Stable blue phosphorescent organic LEDs that use polariton-enhanced Purcell effects

Nature. 2024 Feb;626(7998):300-305. doi: 10.1038/s41586-023-06976-8. Epub 2023 Dec 20.

Abstract

Phosphorescent organic light-emitting diodes (PHOLEDs) feature high efficiency1,2, brightness and colour tunability suitable for both display and lighting applications3. However, overcoming the short operational lifetime of blue PHOLEDs remains one of the most challenging high-value problems in the field of organic electronics. Their short lifetimes originate from the annihilation of high-energy, long-lived blue triplets that leads to molecular dissociation4-7. The Purcell effect, the enhancement of the radiative decay rate in a microcavity, can reduce the triplet density and, hence, the probability of destructive high-energy triplet-polaron annihilation (TPA)5,6 and triplet-triplet annihilation (TTA) events4,5,7,8. Here we introduce the polariton-enhanced Purcell effect in blue PHOLEDs.
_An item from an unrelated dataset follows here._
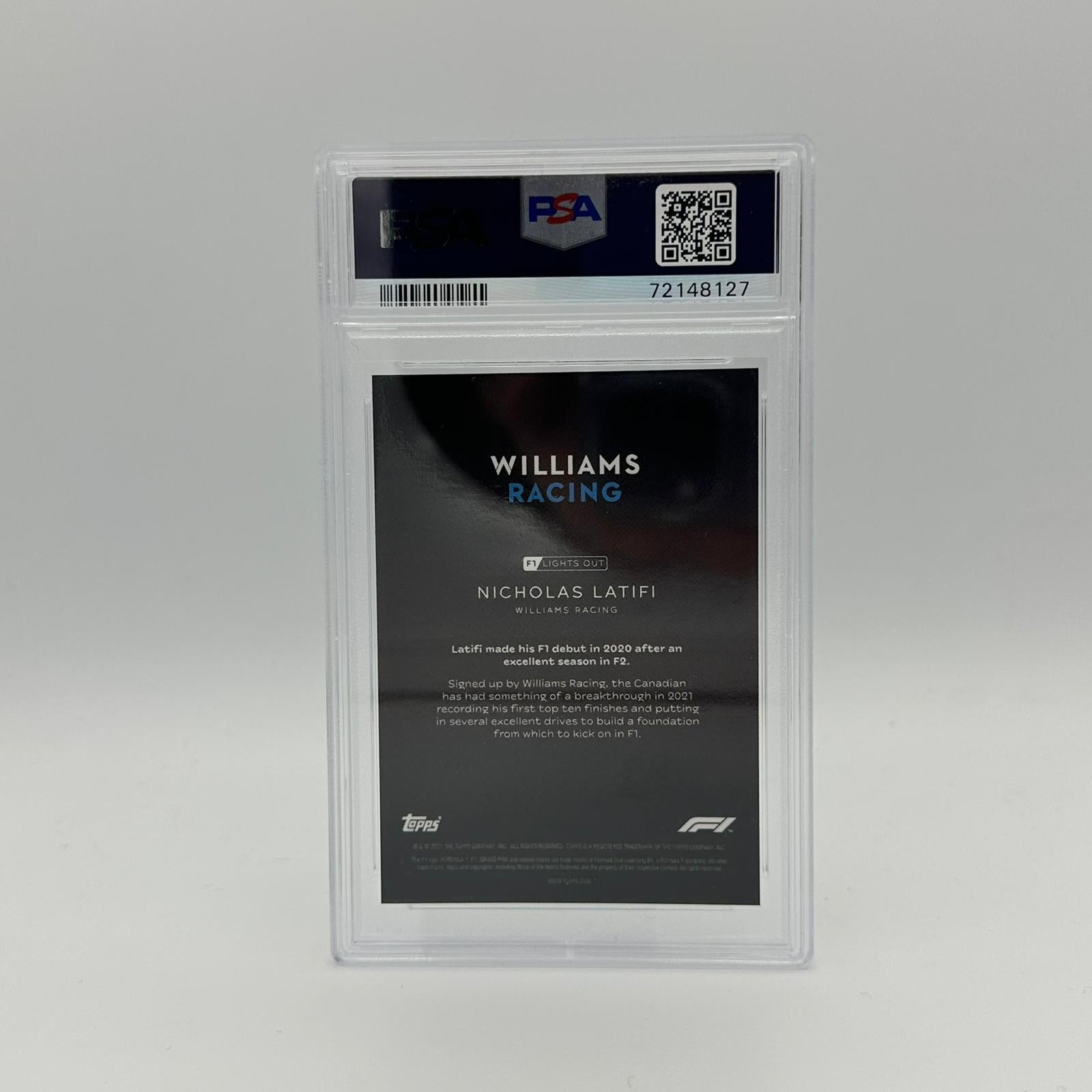 PSA 8 Graded 72/99 Nicholas Latifi F1 Racing Card - Blue Parallel - Perfect for Collectors & F1 Fans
We find that plasmon-exciton polaritons9 (PEPs) substantially increase the strength of the Purcell effect and achieve an average Purcell factor (PF) of 2.4 ± 0.2 over a 50-nm-thick emission layer (EML) in a blue PHOLED. A 5.3-fold improvement in LT90 (the time for the PHOLED luminance to decay to 90% of its initial value) of a cyan-emitting Ir-complex device is achieved compared with its use in a conventional PHOLED. Shifting the chromaticity coordinates to (0.14, 0.14) and (0.15, 0.20) into the deep blue, the Purcell-enhanced devices achieve 10-14 times improvement over similarly deep-blue PHOLEDs, with one structure reaching the longest Ir-complex device lifetime of LT90 = 140 ± 20 h reported so far10-21. The polariton-enhanced Purcell effect and microcavity engineering provide new possibilities for extending deep-blue PHOLED lifetimes.